The Real Estate Board of New York is giving Mr. Piccinich, 53, its George M. Brooker Management Executive of the Year Award for outstanding professionalism, civic achievement and contributions to the real industry in property management. Yet Mr. Piccinich credited the 140 white-collar and 1,000 blue-collar professionals who work for him for his success.
“I rave about them because I know how hard they work, what they consistently achieve and that they are the best and brightest in the industry,” he wrote in an email to Commercial Observer. “I make it a point to interview and hire every single person in my department and I know them each on a personal level.”
Mr. Piccinich joined SL Green in 2002 after his tenure at the Port Authority, where he started in the early 1990s as a tenant representative before climbing to the lead role at the 13-million-square-foot WTC complex. He was away on the West Coast at a meeting when the attacks of Sept. 11, 2001 unfolded, but he was right there when six people were killed in the terrorist bombing of 1993.
Neither of the tragic events has lessened his respect for the new WTC, Mr. Piccinich said.
“While the original site holds a very personal place in my heart, there’s no doubt that what currently stands Downtown is spectacular,” he said. “I was at the site in ’93, less than 100 feet from the blast and those who lost their lives were good friends of mine. It was a surreal experience.”
That difficult past will give way to a brighter future with the changes Mr. Piccinich’s team installed at SL Green’s properties. The company recycled over 3.2 million square feet of carpeting and ceiling tiles between 2007 and 2013, saving 1,086 tons of waste.

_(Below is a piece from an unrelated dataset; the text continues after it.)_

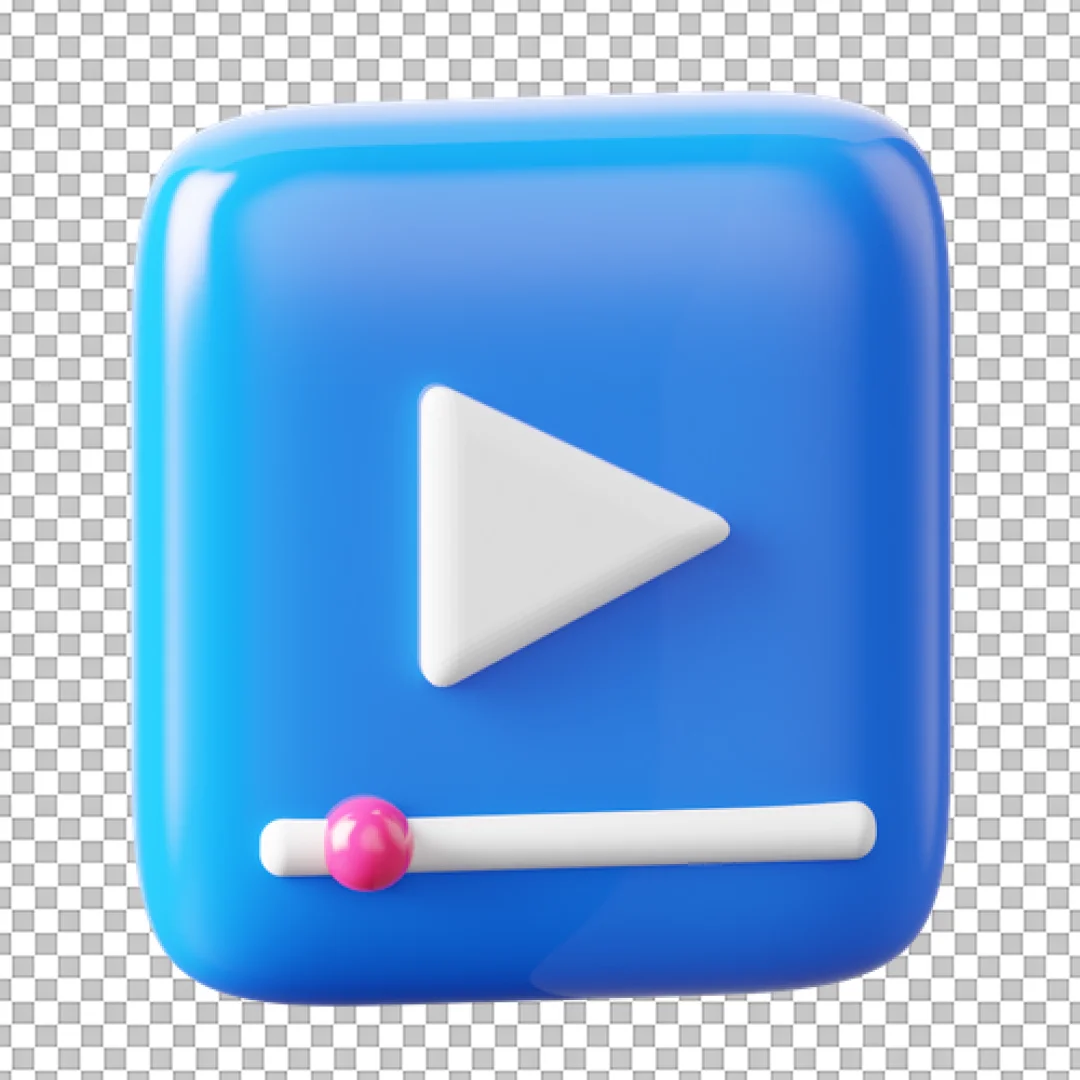 Blue 3D Video Player Interface PNG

The federal Environmental Protection Agency gave SL Green a 2015 ENERGY STAR award, noting the company saves $13 million per year after a $35 million investment in features like the recycling program and LED lighting.
The company’s 1,500-foot-tall, 1.6-million-square-foot 1 Vanderbilt plan also won plaudits in the past year in the form of a rezoning approval by the City Council in May 2015. The project slated to soar next to Grand Central Terminal by 2020 will add 1,000 construction workers to Mr. Piccinich’s team and, he said, “We are already ramped up for the challenge.”
Mr. Piccinich is married with daughters Amy and Carly and a son named Derek. Amy, 27, works in J.P. Morgan Chase’s corporate real estate finance group, while Carly, 21, will take a position with BNP Paribas after she graduates Notre Dame University this spring, the proud father said. Derek, the youngest at 16, attends boarding school at The Lawrenceville School in New Jersey.
Mr. Piccinich, who just moved to the city after living in New Jersey his whole life, described himself as “53 years young.”
“I was fortunate enough to meet my soul mate, Roseanne, in high school. She is my best friend and biggest supporter and my favorite part of the day is coming home to her,” he said. “We have been married for over 30 years and have three beautiful children.”